States, state attorneys general, cities (state intervenors) in one document, and environmental groups (nongovernmental organization (NGO) intervenors) in another have asked the U.S. Court of Appeals for the D.C. Circuit to deny a motion from the EPA to hold cases challenging EPA’s Clean Power Plan (CPP) in abeyance while the Agency reviews the CPP in accordance with President Donald Trump’s Executive Order (EO), Promoting Energy Independence and Economic Growth.
Both groups of intervenors argue that EPA’s motion to suspend completion of judicial review until after the Agency completes its own review and issues a subsequent rule—which would likely rescind or heavily revise the CPP—is intended to delay the effectiveness of the CPP for an indefinite period even though the D.C. Circuit’s decision in the cases is “ripe for decision now.”
EPA cites judicial economy
In its motion, the EPA argues that the abeyance will provide the Agency the opportunity to fully review the CPP and respond in a manner consistent with the president’s EO.
“Such abeyance will promote judicial economy by avoiding unnecessary adjudication and will support the integrity of the administrative process,” says the EPA. “Because the Rule is under agency review and may be significantly modified or rescinded through further rulemaking in accordance with the Executive Order, holding this case in abeyance is the most efficient and logical course of action here. Abeyance will further the Court’s interests in avoiding unnecessary adjudication, support the integrity of the administrative process, and ensure due respect for the prerogative of the executive branch to reconsider the policy decisions of a prior Administration.”
States—Case is ripe for decision
State intervenors disagree, arguing:
“EPA fails to justify its unprecedented request for an open-ended abeyance at this late stage of litigation: more than six months after the en banc [DC]Court heard a full day of oral argument. This case is ripe for decision now, and nothing that EPA has proposed to do obviates the need for this Court’s review. To the contrary, a decision from this Court will resolve critical live disputes over the scope of the Clean Air Act [CAA] that will not only determine the enforcement of the Clean Power Plan, but also affect any reconsideration or revision of the Rule that EPA may undertake. By contrast, indefinitely deferring a decision here, as EPA requests, would waste the substantial resources already expended in this litigation by the parties and this Court. Moreover, granting EPA’s motion would prejudice State Intervenors’ longstanding and compelling interest in addressing the largest sources of pollution that is causing climate-change harms now.”

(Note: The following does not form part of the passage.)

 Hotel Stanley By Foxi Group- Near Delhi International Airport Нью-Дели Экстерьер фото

NGOs—Supreme Court flouted
In their brief, the NGO intervenors agree with that contention and add four other reasons why the request for a stay should be denied:
- The relief the EPA seeks flouts the terms of the order by which the Supreme Court temporarily stayed enforcement of the CPP. The Supreme Court did not invalidate the CPP. Rather, consistent with the authority granted courts by the Administrative Procedure Act (APA), it issued a stay pending a decision by the D.C. Circuit and an opportunity for Supreme Court review. The EPA wants the stay but not the judicial review that formed the basis for it. “Granting EPA’s motion would effectively convert that temporary enforcement relief pending judicial review into a long-term suspension of the Rule likely continuing for years, without any court having issued any decision on the Rule’s merits,” the NGO intervenors say.

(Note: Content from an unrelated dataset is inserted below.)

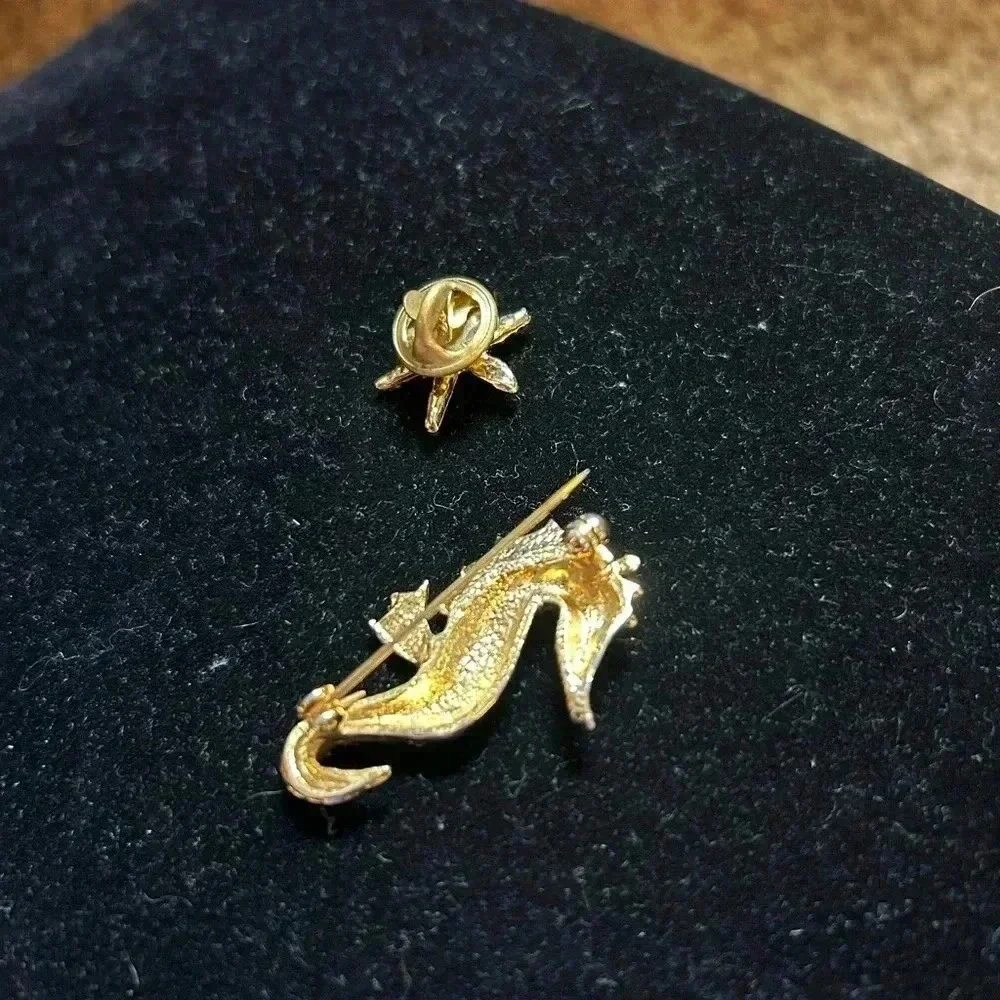 Starfish & seahorse‎ brooch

- Abeyance would violate fundamental requirements of the CAA and the APA, which forbid agency suspensions of rules without notice and comment rulemaking and a reasoned explanation.

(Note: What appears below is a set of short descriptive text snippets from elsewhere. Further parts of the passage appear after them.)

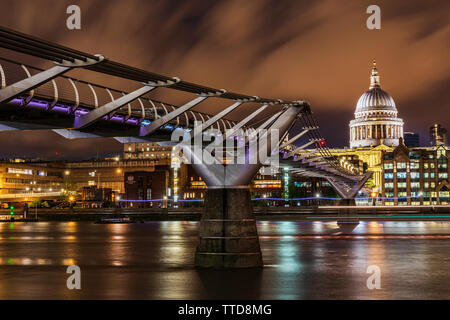 La Cattedrale di St Paul e il Millennium Bridge Foto Stock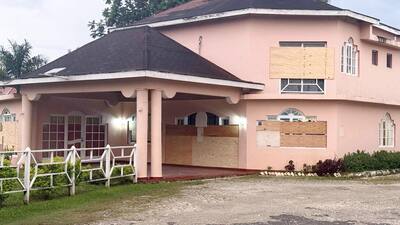 Hotéis foram barricados em Negril, Jamaica, no sábado.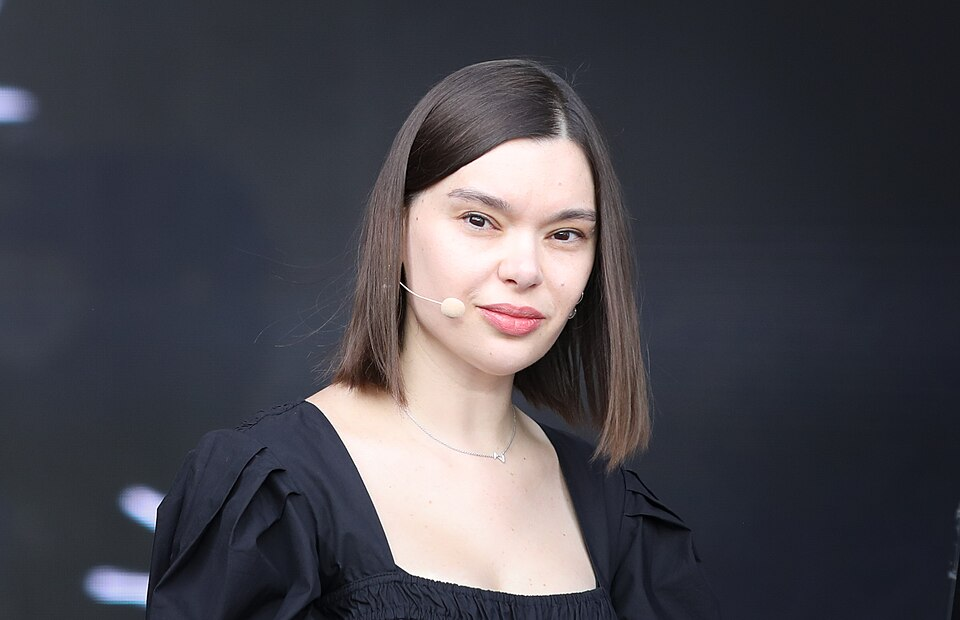 Анна Ревякина «Новый Блок. Антология донбасской поэзии 2022 — 2025 гг» / Wikipedia/Свклимкин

- Abeyance would severely prejudice the public health and NGO intervenors, who—for over a decade—have sought to have the EPA issue standards to limit climate-destabilizing and health-endangering emissions of carbon dioxide (CO2) from power plants. If abeyance is granted, the planned regulatory review and possible new rulemaking proceedings presage, at a minimum, a long delay before any reductions in these emissions are required and implemented, leaving no regulatory protections in place.
- Rejecting the motion and deciding the current case would in no way interfere with EPA’s “opportunity to fully review the Clean Power Plan,” and to conduct a new rulemaking if it so chooses.
Will EPA defend the CPP?
If the D.C. Circuit refuses to grant an abeyance and does issue a decision, the Trump EPA may be put into the position of having to defend the CPP should the Supreme Court agree to hear the case. That possibility seems unlikely, but not to the NGO intervenors.
“That EPA’s attorneys may have to defend the current Rule while the agency considers potential alternative policies is not an extraordinary situation; rather it reflects the rule of law and the way our governmental system works,” say the NGO intervenors.